The critical dilution volume method is usually used to calculate the grey water demand:

$$W_{Pollution Used }=\frac{L_p}{C_{max}-C_{nat}}$$

(7)

$$L_p=F_N·(l_{\alpha }+l_{\beta })$$

(8)

where $W_{Pollution Used }$ (m³/ha) is grey water demand, $L_p$ (kg) is the amount of pollutants into the water caused by each hectare of cultivated land, $C_{max}$ (kg/m³) is the concentration of the maximum pollutant that the water body can afford and $C_{max}$(Nitrogen) = 3.1 mg/L; $C_{nat}$ (kg/m³) is the natural concentration of the pollutant in water, $C_{nat}$(Nitrogen) = 1.5mg/L. $F_N$ (kg/ha) is the annual nitrogen requirement of cropping the system, $l_{\alpha }$ is the total nitrogen coefficient of fertilizer lost in the form of underground leaching,$l_{\beta }$ is the total nitrogen coefficient of fertilizer lost in the form of surface runoff.
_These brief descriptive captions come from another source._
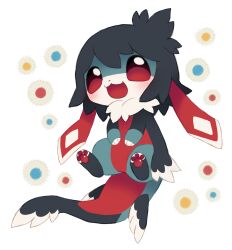  :3 :d animal_ears animal_nose blue_fur blue_hair blue_tail body_fur chibi chibi_only chibikemo commentary dragon dragon_tail eastern_dragon_tail english_commentary furry hamster happy highres jejejunum lop_rabbit_ears multicolored_fur neck_fur open_mouth original pawpads rabbit_ears red_eyes red_fur red_tail robin_(jejejunum) short_hair simple_background smile solo tail white_background 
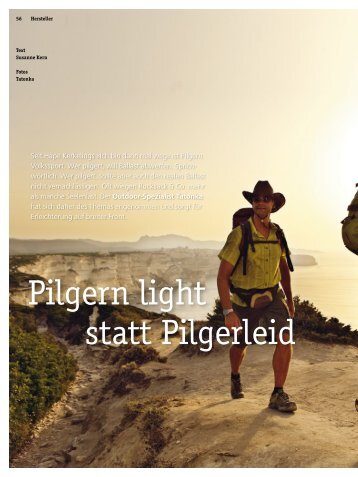 Druckversion mit Packliste: Pilgern light statt Pilgerleid - 4-Seasons.de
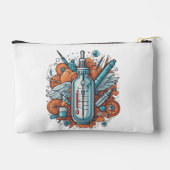 Medical Vial Art - Syringe & Pill Bottle Wings Etui (Achterkant)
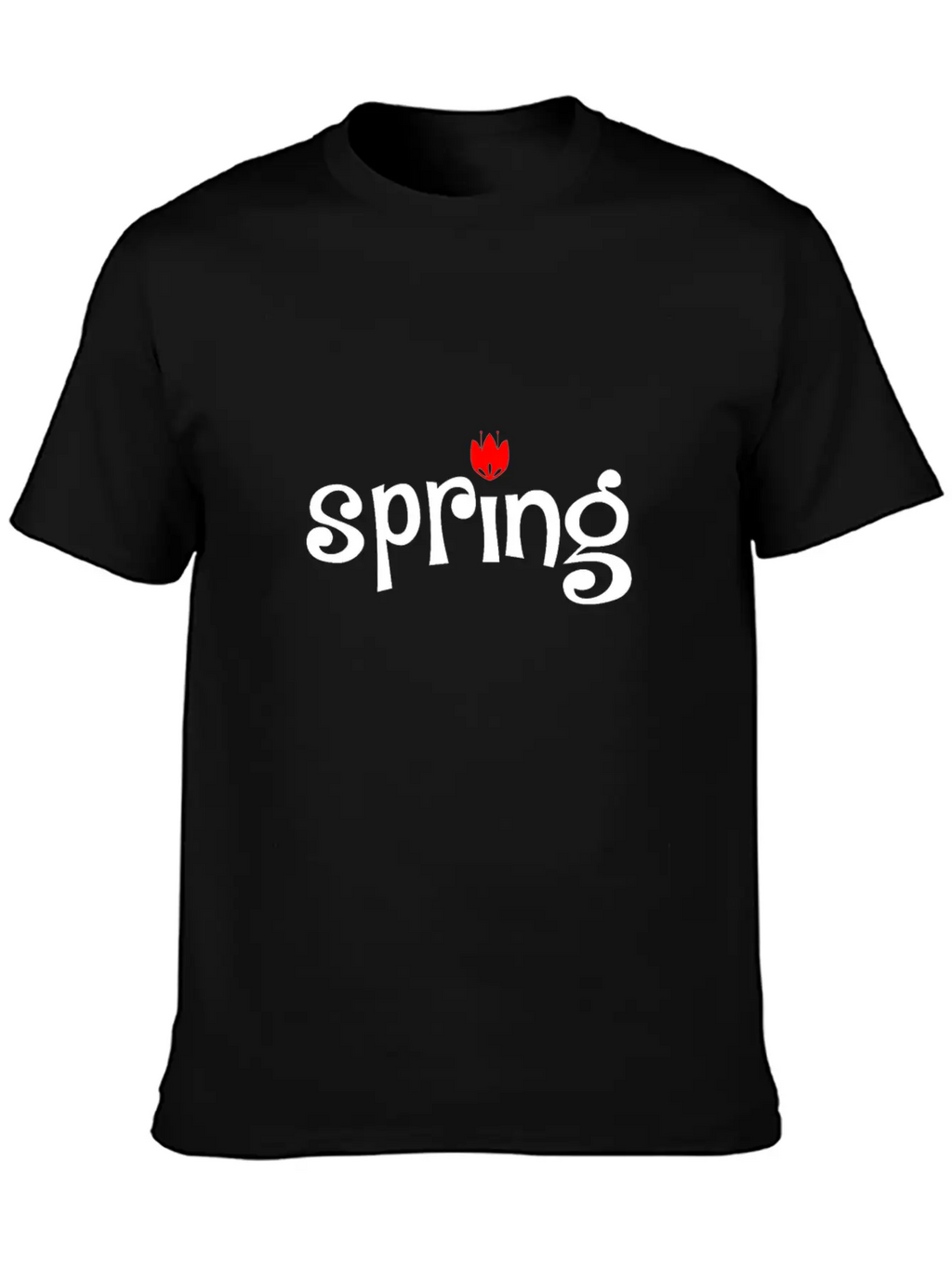 Spring Tulip Unisex Casual T-Shirt – Clean Design For Daily Comfort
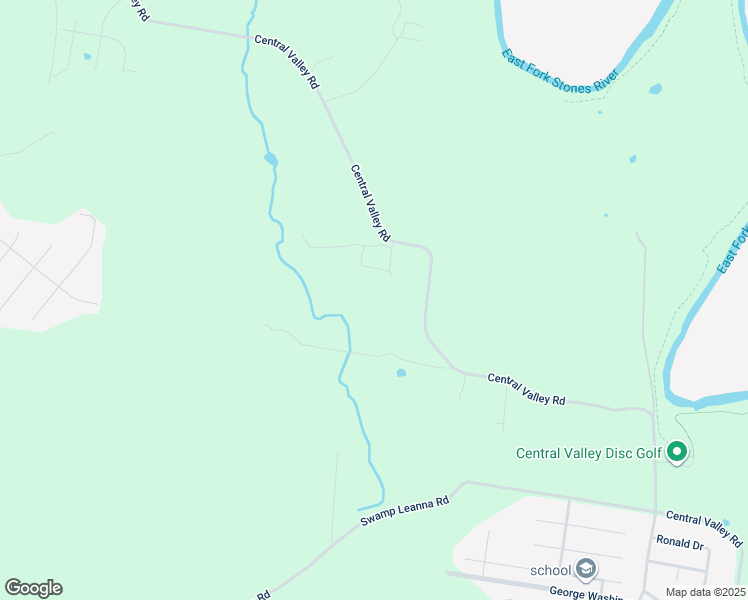 map of restaurants, bars, coffee shops, grocery stores, and more near 1933 Central Valley Road in Murfreesboro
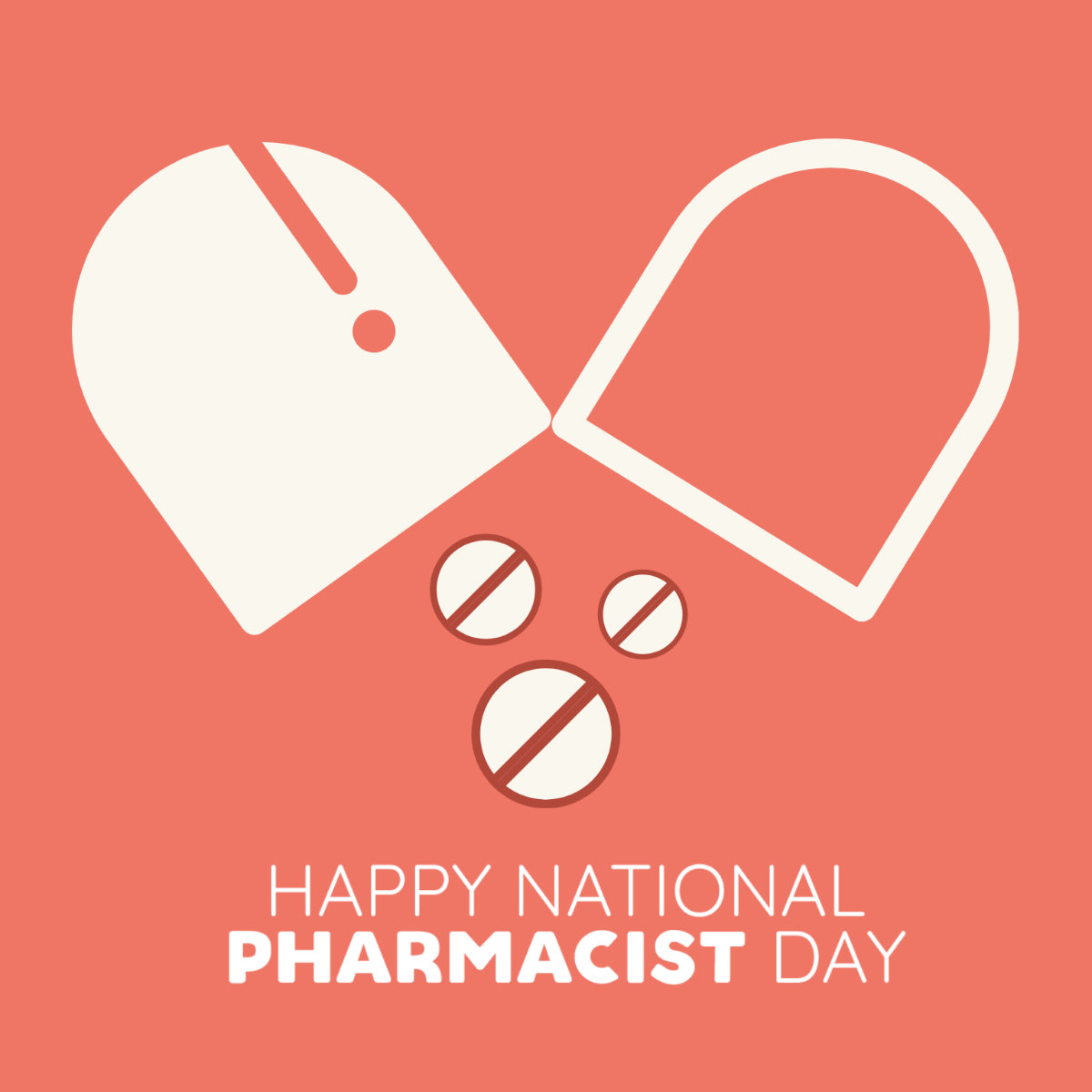 Happy National Pharmacist Day Vector Template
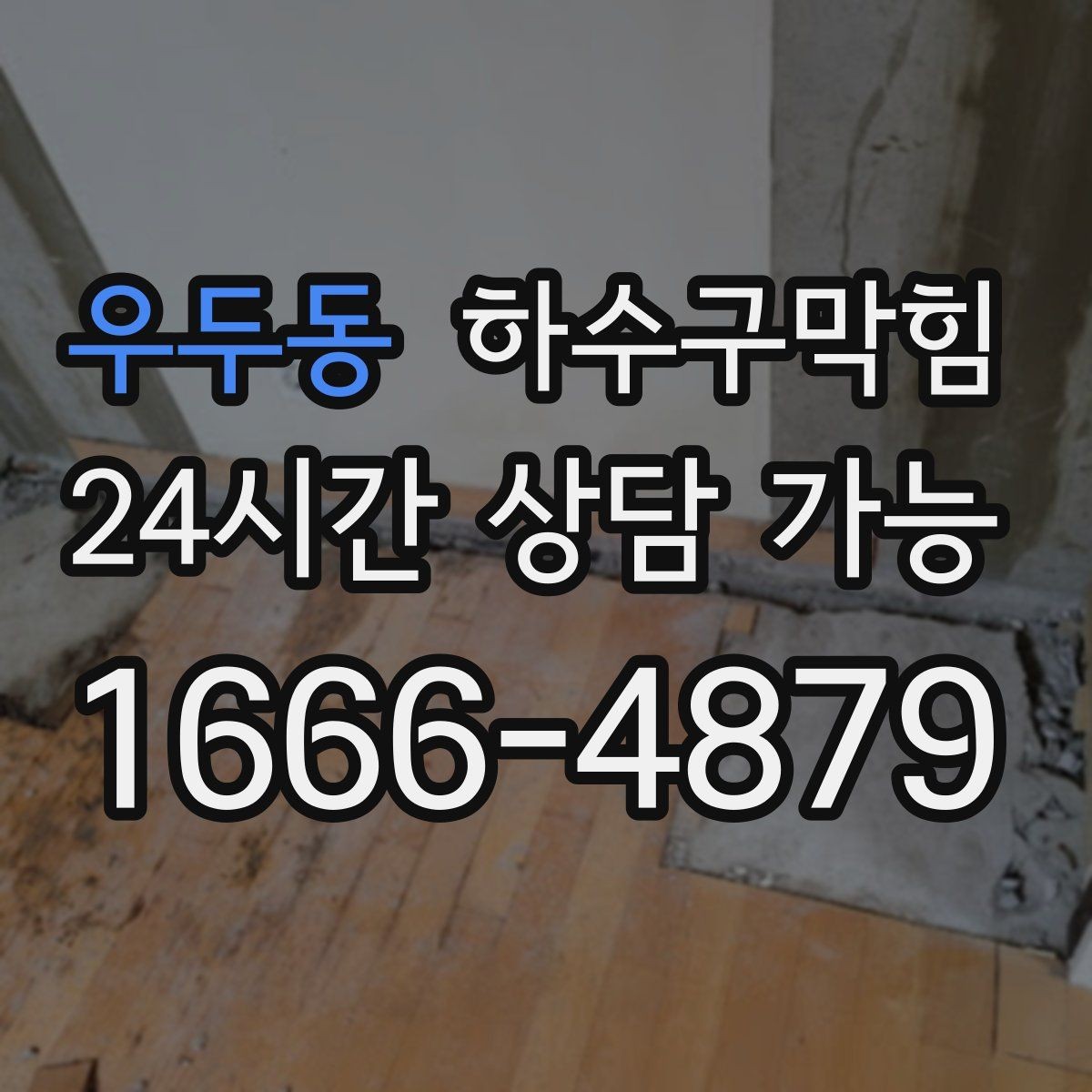 우두동 하수구막힘 공용 사물함 손잡이가 미끈했던 날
These specific data can be seen in Supplementary Materials.

2.4. Food Supply Capacity

In this study, the food supply ability of each cropping system was represented by the number of people that its annual yield could sustain. Since we were concerned most with the groundwater utilization efficiency, the unit water cost of a single person was calculated by dividing the blue water footprint by the number of people the cropping system can feed per year per hectare.

$$N=\frac{{{\displaystyle \sum }}_i(yiel{d}_i·calori{e}_i·10)}{calori{e}_p·365}$$

(9)

$$UC=\frac{\overline{W_{blue}}}{n}$$

(10)

where $N$ is the number of people, $yiel{d}_i$ is the crop yield or biomass (kg/ha), $calori{e}_i$ is the amount of the calories people obtain from a unit mass crop (kcal/100 g), 10 is the unit conversion coefficient, $calori{e}_p$ is quantity of heat (kcal/day)that the human daily basic metabolism consumes —here we used 25-year-old man’s daily basic metabolism as the standard, 365 is the number of days in a year. For forage crops, such as rye, the human available calories are converted to 15 percent because of the energy lost from livestock to human. $UC$ is the unit water cost of feeding a single person (m³/person), $\overline{W_{blue}}$ is the average of the blue water footprint of the cropping system of three planting years (m³/ha).

Crop yields (yield of maize, soybean, and pea were grain yield; yield of potato was economic yield, yield of rye and spinach were fresh aboveground biomass) were obtained from experimental records. The calorie for various crops was derived from the Chinese Food Composition 2017 and the database of U.S. Department of Agriculture. The specific information is shown in

Table 1. Crop yield and unit calories of different cropping systems.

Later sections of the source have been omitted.